Wednesday, June 07, 2006A few days ago, Dr. Albert Mohler reprinted this article December.
Typical of much these sotrs of articles, Dr. Mohler rehashes another piece, this time an article by Warren St. John. St. John is something of a minor celebrity around here, having written the marvelous Rammer Jammer Yellow Hammer. I had the pleasure of having with Warren about a year and a half ago.
The gist of St. John's piece is the rise of "Neandrethal Television," these sorts of violent, anti-hero sort of shows. I know the type well, and I'll admit to having a soft spot for shows like Lost. I won't try to condone the coarse behavior and language of these shows, but I won't apologize for authenticity.

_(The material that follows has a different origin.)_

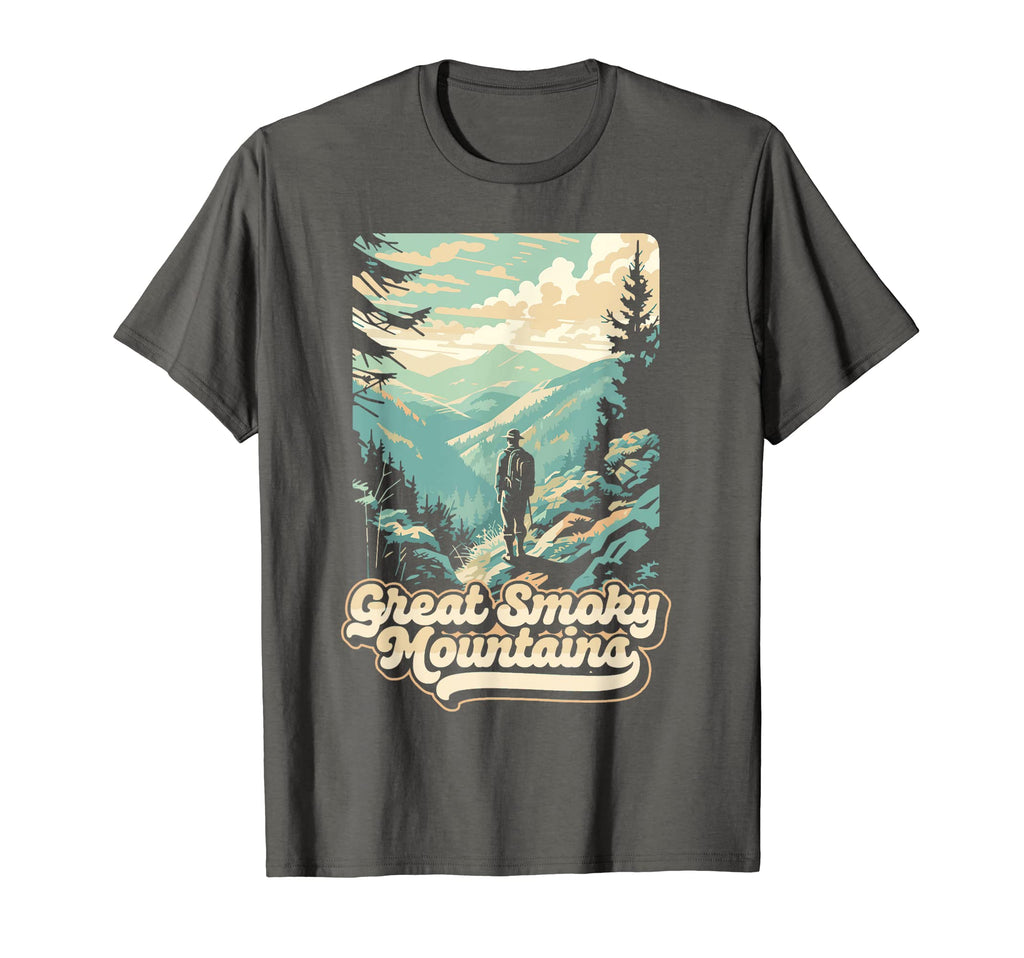 Great Smoky Mountains Hiking T-Shirt - Minimalist Print for Adults - T-Shirt, Sweatshirt, Hoodie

What I find particularly grating is for Mohler to write passages like this:
"Hollywood, we are often told, is a mirror of America. The rise of this amoral programming, revolving around themes ranging from rampage to relativism, should serve as a dire warning of where this culture is headed. A society whose young men celebrate violence and moral ambiguity is headed towards something even worse."
Where this culture is headed? Has Dr. Mohler been so busy with the SBC that he never saw Deathwish or Dirty Harry? Did he miss Chinatown or the Godfather? This sort of programming may be new on television, but it's not new to the culture. Not by a long shot.

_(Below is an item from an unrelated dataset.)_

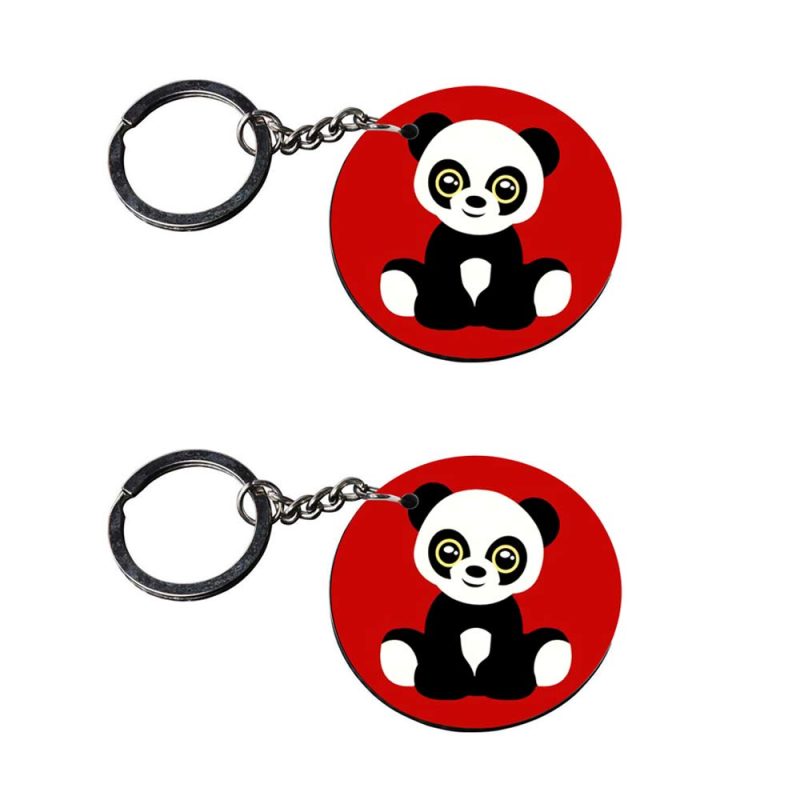 Cute Panda Round Keychain Set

Even more troubling is Mohler's inability (or refusal - pick your poison) to see that even crude and violent television has redeeming qualities. I'm not saying that the Sorpanos or Deadwood should serve as a sermon series, but discerning adults can find much to discuss. That's not to say that one is wrong to avoid such shows, but Mohler and others like him are taking a terribly strict view of things when they suggest that profanity, violence and even nudity make a show or movie unwatchable or incapable of redemption. This is simply not true. While the Church should not encourage crudeness, the suggestion that family unfriendly material proves that we live in an awful culture is unnecessary. It comes across as scolding, trite and even a bit boring.
It's true that these shows present a warped form of masculinity, but they are merely a reflection. Nothing more. The problems in our culture are much deeper, and wringing our hands over a vulgar television show is beside the point.